Freuden und Leiden der Natur

Eindrücke von Forstrat a. D. Hermann Stadler

Baumfällungen in stadtnahen Wäldern

Ein Thema, das ich als Forstmann im Ruhestand ansprechen möchte, sind die Baumfällungen in unseren stadtnahen Wäldern. Es liegt mir fern, solch hässliche Bilder im „Südanzeiger“ zu veröffentlichen. Der Meinung einer Leserin der Augsburger Allgemeinen Zeitung (AZ) in ihrem Leserbrief ist meiner Meinung nach nichts mehr hinzuzufügen: Ich bin traurig, sprachlos und mehr als wütend, angesichts der unsensiblen Brutalität, mit der der Natur im Stadtwald, besonders am Lochbach und entlang der Wertach zwischen Göggingen und Inningen, begegnet wurde.

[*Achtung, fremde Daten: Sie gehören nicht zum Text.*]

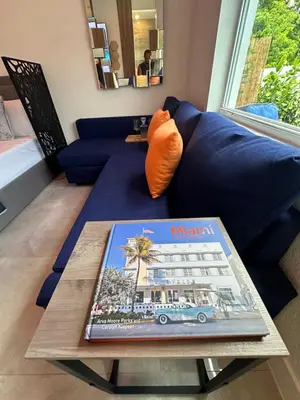 a living room with a blue couch and a table at Tropical Studio in Miami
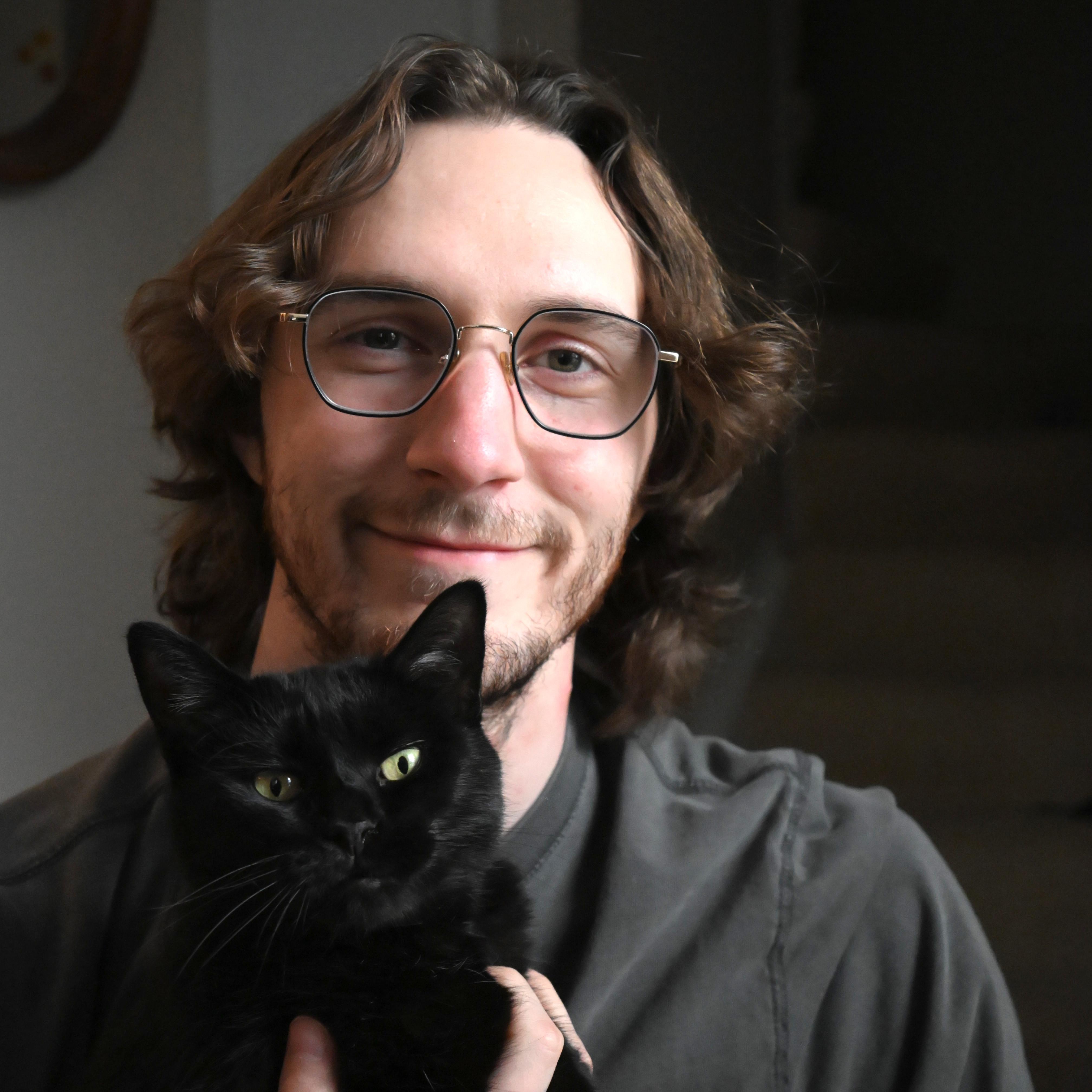 A portrait of me smiling and holding my black short-hair cat, Marby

Altbäume, auch gesunde, wurden gefällt, Sträucher und Lebensraum für Insekten und Vögel wurden entfernt; die Blumenstauden von Akelei, Rainfarn und Goldrute wurden herausgerissen und geschreddert, und so weiter. Wo bleibt hier das Gespür und das Gefühl für die Natur und deren Bedeutung, aber auch für uns Menschen?!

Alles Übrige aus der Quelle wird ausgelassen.